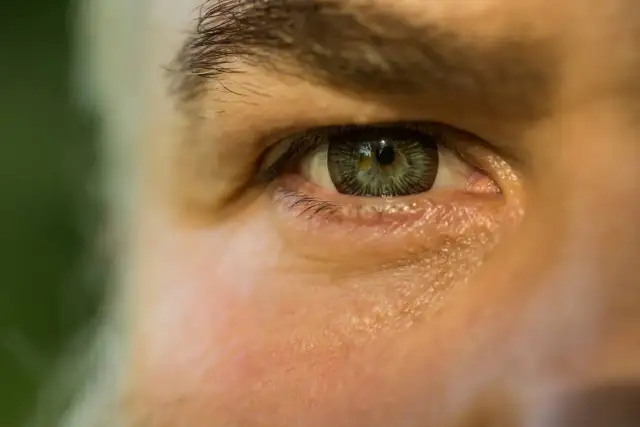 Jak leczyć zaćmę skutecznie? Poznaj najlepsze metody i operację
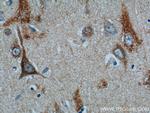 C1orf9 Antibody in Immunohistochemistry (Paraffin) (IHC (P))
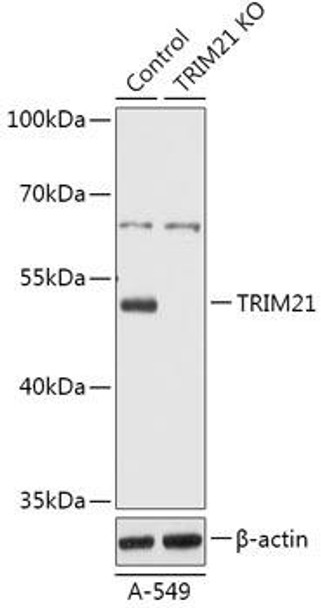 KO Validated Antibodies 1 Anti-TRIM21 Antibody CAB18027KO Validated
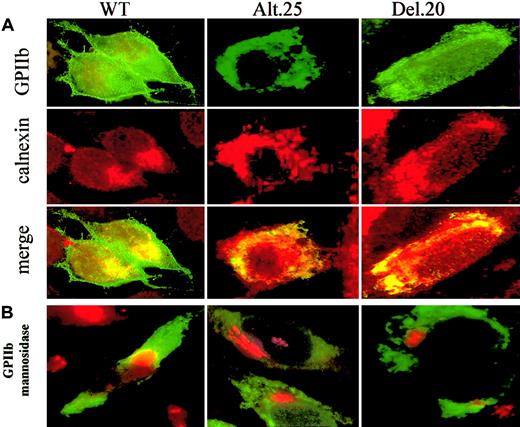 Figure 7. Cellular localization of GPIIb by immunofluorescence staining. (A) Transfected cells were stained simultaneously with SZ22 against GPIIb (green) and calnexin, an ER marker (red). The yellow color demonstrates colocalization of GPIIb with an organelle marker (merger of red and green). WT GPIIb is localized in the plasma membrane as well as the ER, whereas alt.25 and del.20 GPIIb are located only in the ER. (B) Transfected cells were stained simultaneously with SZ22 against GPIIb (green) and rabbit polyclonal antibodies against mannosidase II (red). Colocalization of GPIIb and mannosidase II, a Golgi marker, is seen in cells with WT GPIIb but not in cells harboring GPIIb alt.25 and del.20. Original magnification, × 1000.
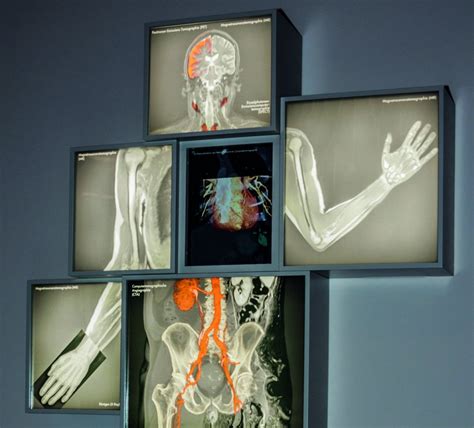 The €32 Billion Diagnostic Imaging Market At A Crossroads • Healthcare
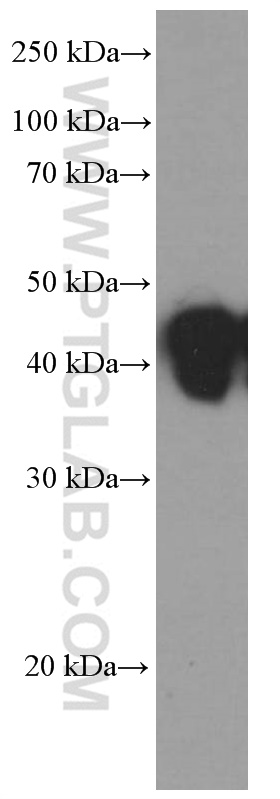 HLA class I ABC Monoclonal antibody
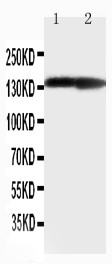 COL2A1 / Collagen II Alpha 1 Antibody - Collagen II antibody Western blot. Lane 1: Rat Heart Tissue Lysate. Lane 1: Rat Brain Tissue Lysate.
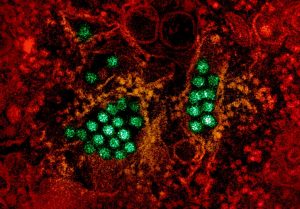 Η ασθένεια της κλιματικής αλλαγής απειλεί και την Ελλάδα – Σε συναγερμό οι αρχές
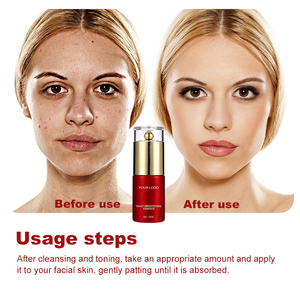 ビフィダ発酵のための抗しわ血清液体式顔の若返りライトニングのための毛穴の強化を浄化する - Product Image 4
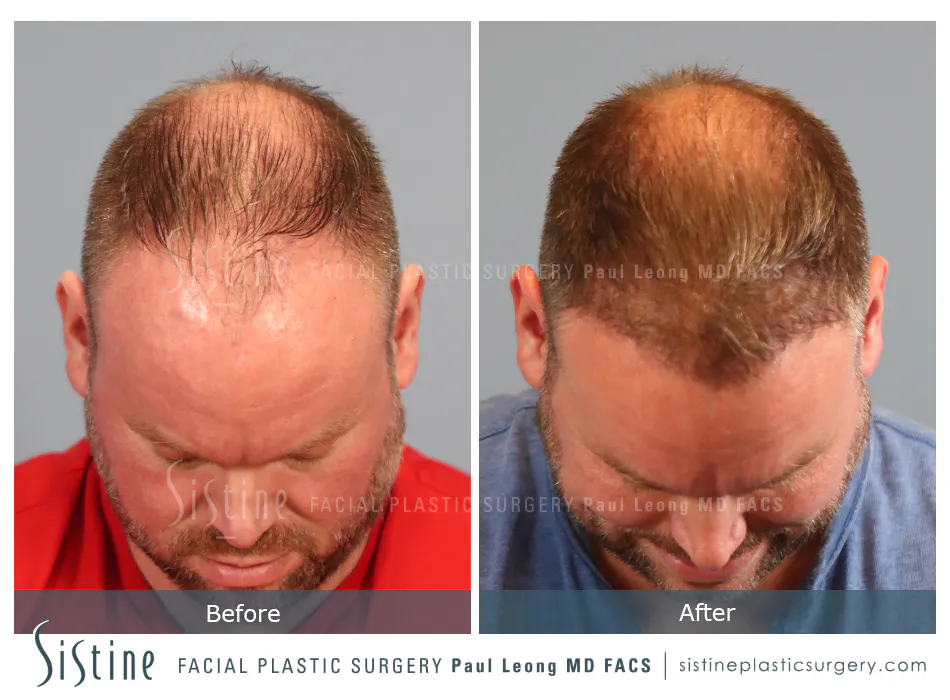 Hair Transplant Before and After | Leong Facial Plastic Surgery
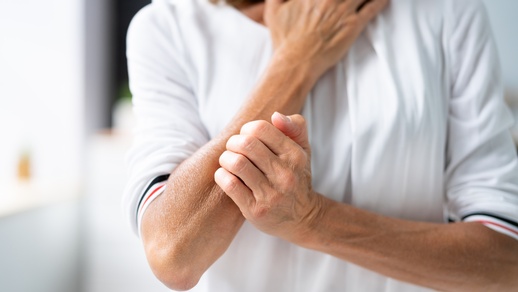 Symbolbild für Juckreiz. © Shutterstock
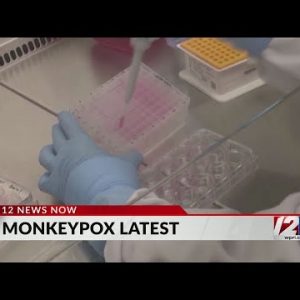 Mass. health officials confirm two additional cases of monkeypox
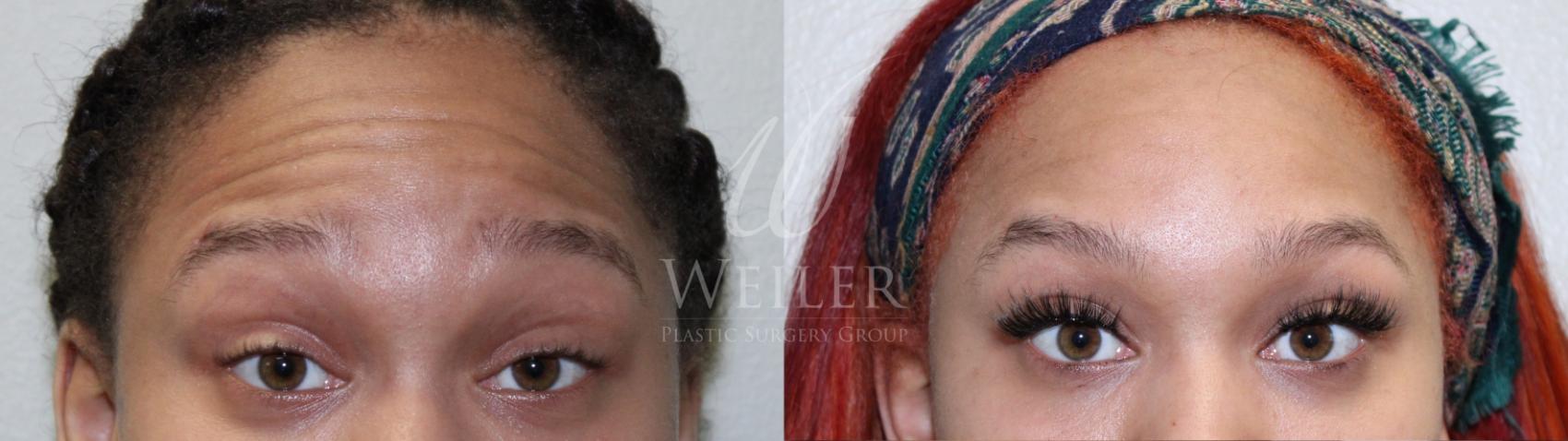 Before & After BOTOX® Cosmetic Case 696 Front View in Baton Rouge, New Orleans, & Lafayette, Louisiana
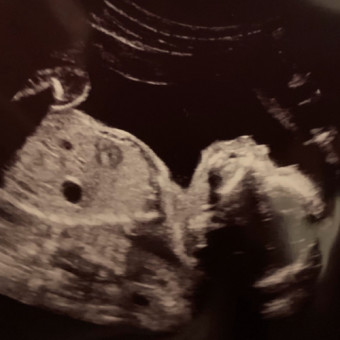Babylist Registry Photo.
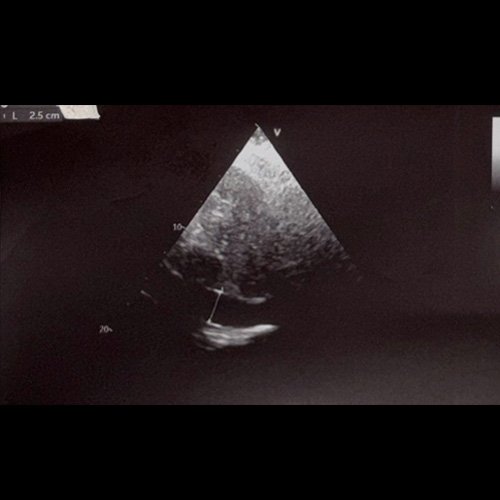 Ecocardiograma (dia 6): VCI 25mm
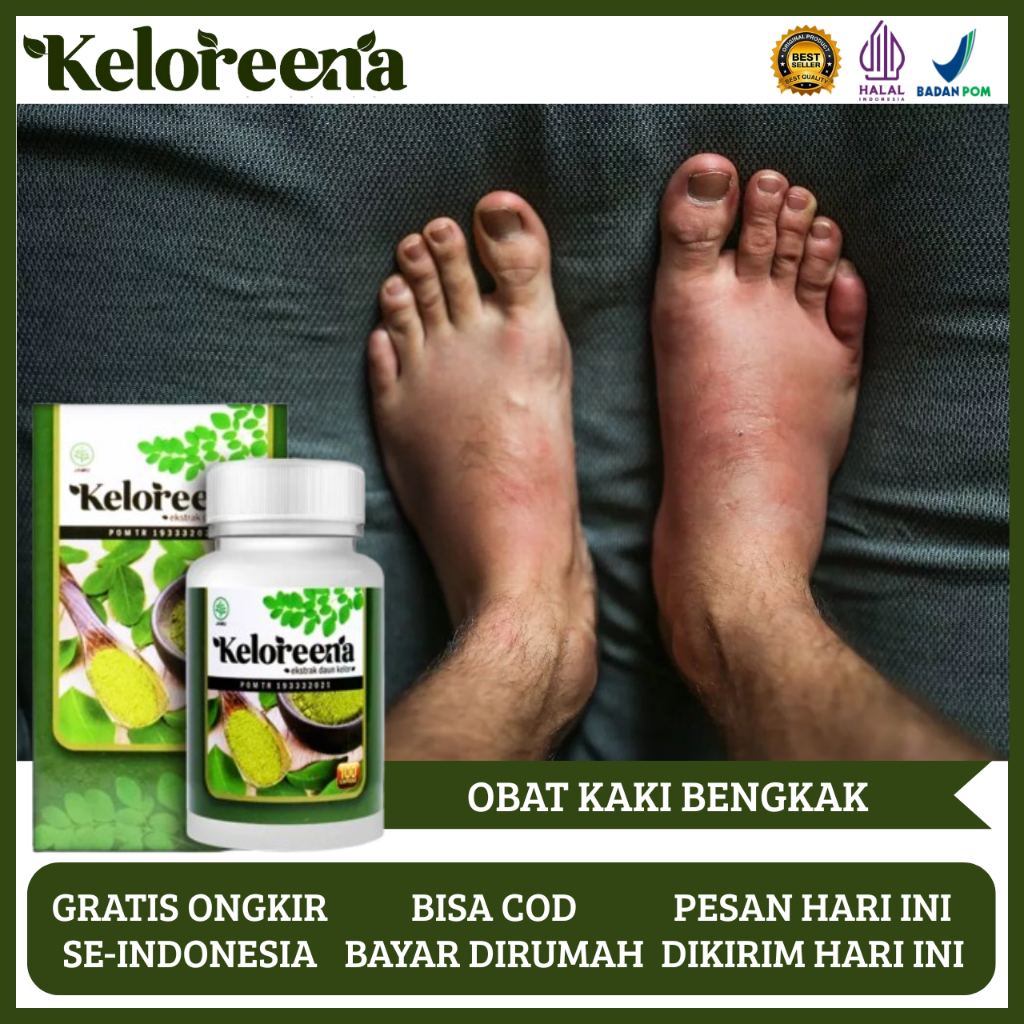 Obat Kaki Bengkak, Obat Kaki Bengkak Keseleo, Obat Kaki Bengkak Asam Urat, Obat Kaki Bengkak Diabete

### Problem to work on
The response should be the lines from the one containing "HLA class I ABC Monoclonal antibody" through the final line of the records, reproduced exactly and with every picture left out.

### Response for this exercise
 HLA class I ABC Monoclonal antibody
 COL2A1 / Collagen II Alpha 1 Antibody - Collagen II antibody Western blot. Lane 1: Rat Heart Tissue Lysate. Lane 1: Rat Brain Tissue Lysate.
 Η ασθένεια της κλιματικής αλλαγής απειλεί και την Ελλάδα – Σε συναγερμό οι αρχές
 ビフィダ発酵のための抗しわ血清液体式顔の若返りライトニングのための毛穴の強化を浄化する - Product Image 4
 Hair Transplant Before and After | Leong Facial Plastic Surgery
 Symbolbild für Juckreiz. © Shutterstock
 Mass. health officials confirm two additional cases of monkeypox
 Before & After BOTOX® Cosmetic Case 696 Front View in Baton Rouge, New Orleans, & Lafayette, Louisiana
Babylist Registry Photo.
 Ecocardiograma (dia 6): VCI 25mm
 Obat Kaki Bengkak, Obat Kaki Bengkak Keseleo, Obat Kaki Bengkak Asam Urat, Obat Kaki Bengkak Diabete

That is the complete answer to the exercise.